### The data ###

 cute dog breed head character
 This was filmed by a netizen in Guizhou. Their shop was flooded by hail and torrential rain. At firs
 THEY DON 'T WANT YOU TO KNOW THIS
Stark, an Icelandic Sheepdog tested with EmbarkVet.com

###
### The data ###

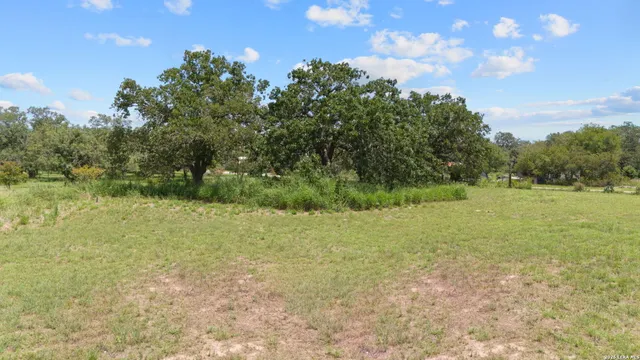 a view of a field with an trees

###
### The data ###

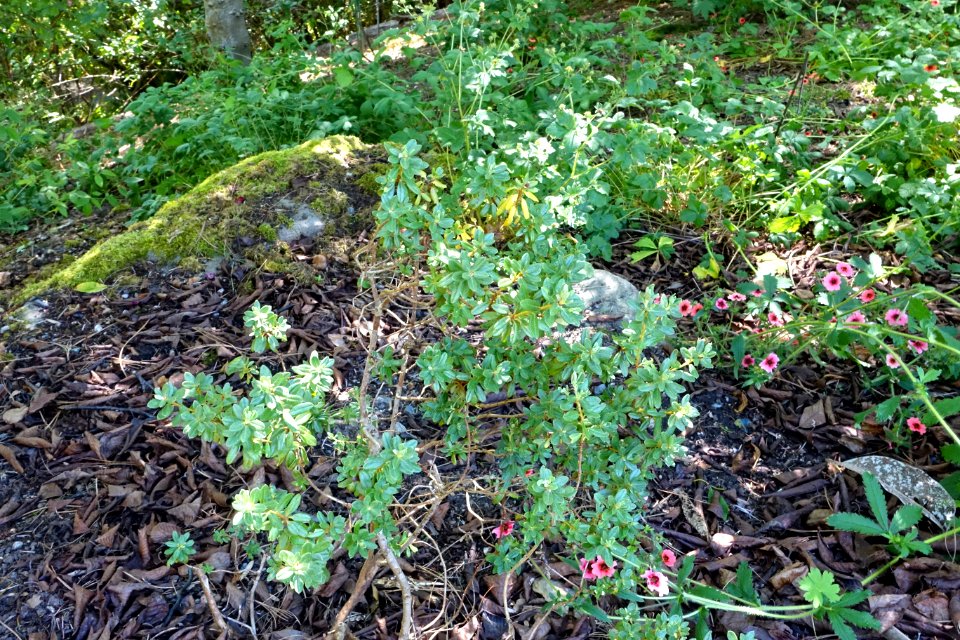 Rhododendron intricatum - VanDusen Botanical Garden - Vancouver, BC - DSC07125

###

Above are the records. Print exactly, and only, the lines from the line with "cute dog breed head character" to the line with "Stark, an Icelandic", both inclusive.

 cute dog breed head character
 This was filmed by a netizen in Guizhou. Their shop was flooded by hail and torrential rain. At firs
 THEY DON 'T WANT YOU TO KNOW THIS
Stark, an Icelandic Sheepdog tested with EmbarkVet.com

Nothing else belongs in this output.